## Exercise
Reproduce the whole listing that follows, character for character, and drop the images.

##### Recorded information #####

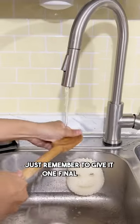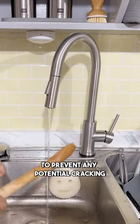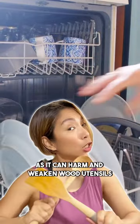Just remember to give it one final rinse and make sure to allow it to air dry to prevent any potential cracking. Avoid using the dishwasher as it can harm and weaken wood utensils.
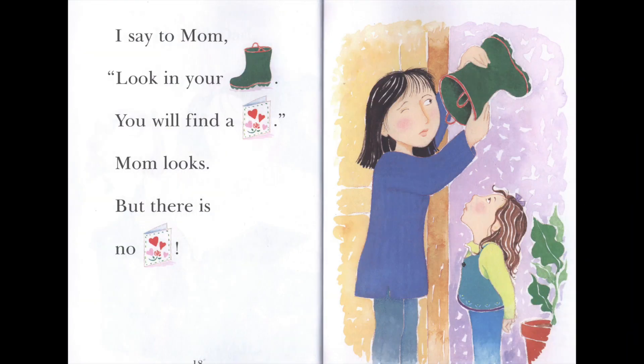I say to Mom: Look in your boot. You will find a card. Mom looks. But there is no card.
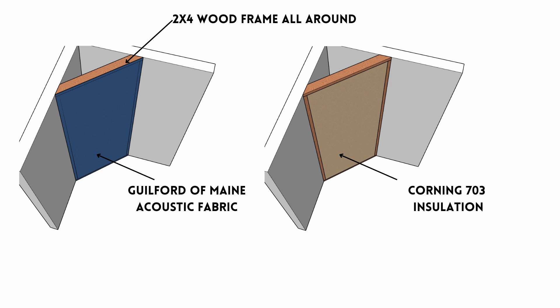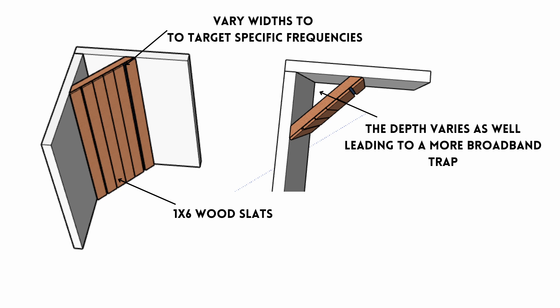This trap is built with just 2x4s making a frame, with 2-inch Corning 703 insulation on the inside, Guilford of Maine fabric stapled over top — any acoustical fabric you can blow through and feel air on the back of your hand. Then lastly are the wood slats, which create our Helmholtz resonator. The depth behind the wood slats to the wall, the distance between the slats, the width of the slats, and the thickness of the slats all determine which frequency you are targeting.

#####

## Solution for this problem
Just remember to give it one final rinse and make sure to allow it to air dry to prevent any potential cracking. Avoid using the dishwasher as it can harm and weaken wood utensils.
I say to Mom: Look in your boot. You will find a card. Mom looks. But there is no card.
This trap is built with just 2x4s making a frame, with 2-inch Corning 703 insulation on the inside, Guilford of Maine fabric stapled over top — any acoustical fabric you can blow through and feel air on the back of your hand. Then lastly are the wood slats, which create our Helmholtz resonator. The depth behind the wood slats to the wall, the distance between the slats, the width of the slats, and the thickness of the slats all determine which frequency you are targeting.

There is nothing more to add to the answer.